Data excerpts:
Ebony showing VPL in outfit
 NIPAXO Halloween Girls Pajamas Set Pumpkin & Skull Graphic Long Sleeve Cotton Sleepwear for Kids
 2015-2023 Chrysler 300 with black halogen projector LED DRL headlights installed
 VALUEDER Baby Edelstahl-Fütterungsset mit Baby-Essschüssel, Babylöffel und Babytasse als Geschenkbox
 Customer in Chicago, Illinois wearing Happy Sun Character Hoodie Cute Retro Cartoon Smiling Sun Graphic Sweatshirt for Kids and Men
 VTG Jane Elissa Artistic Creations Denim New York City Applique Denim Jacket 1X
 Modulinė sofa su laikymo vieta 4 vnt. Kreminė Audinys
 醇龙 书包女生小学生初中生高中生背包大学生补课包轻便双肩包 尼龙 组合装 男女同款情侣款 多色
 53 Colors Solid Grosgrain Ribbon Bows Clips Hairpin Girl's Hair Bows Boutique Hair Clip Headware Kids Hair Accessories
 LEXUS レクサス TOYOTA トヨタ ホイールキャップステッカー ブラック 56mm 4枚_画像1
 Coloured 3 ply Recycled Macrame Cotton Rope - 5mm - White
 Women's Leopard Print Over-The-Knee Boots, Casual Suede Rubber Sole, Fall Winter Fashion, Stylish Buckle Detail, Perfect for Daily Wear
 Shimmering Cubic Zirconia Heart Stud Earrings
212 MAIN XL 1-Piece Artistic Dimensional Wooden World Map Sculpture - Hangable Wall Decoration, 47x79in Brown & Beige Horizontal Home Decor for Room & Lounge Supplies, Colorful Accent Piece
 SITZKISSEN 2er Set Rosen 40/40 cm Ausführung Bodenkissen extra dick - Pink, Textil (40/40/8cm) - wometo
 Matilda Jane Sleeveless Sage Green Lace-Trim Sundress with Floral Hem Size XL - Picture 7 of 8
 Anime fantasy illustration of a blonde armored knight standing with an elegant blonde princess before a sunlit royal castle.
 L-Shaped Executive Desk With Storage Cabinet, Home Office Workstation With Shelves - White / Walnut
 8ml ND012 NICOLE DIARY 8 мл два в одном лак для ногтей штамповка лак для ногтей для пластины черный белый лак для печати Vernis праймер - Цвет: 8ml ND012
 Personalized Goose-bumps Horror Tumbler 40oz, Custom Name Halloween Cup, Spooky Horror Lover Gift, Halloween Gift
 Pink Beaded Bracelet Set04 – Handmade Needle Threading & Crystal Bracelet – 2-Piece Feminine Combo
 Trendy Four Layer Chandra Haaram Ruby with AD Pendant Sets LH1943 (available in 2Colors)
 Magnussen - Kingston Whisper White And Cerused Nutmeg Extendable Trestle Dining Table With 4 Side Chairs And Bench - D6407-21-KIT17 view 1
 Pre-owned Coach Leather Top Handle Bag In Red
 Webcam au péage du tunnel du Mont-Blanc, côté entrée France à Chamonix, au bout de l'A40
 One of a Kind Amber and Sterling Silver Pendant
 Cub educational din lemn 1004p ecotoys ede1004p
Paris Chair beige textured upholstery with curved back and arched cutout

_WHAT THIS TASK INVOLVES_
Using the records above, set down exactly the lines from the one with "Trendy Four Layer" through the one with "Magnussen - Kingston", inclusive, and nothing more.

_TASK RESPONSE_
 Trendy Four Layer Chandra Haaram Ruby with AD Pendant Sets LH1943 (available in 2Colors)
 Magnussen - Kingston Whisper White And Cerused Nutmeg Extendable Trestle Dining Table With 4 Side Chairs And Bench - D6407-21-KIT17 view 1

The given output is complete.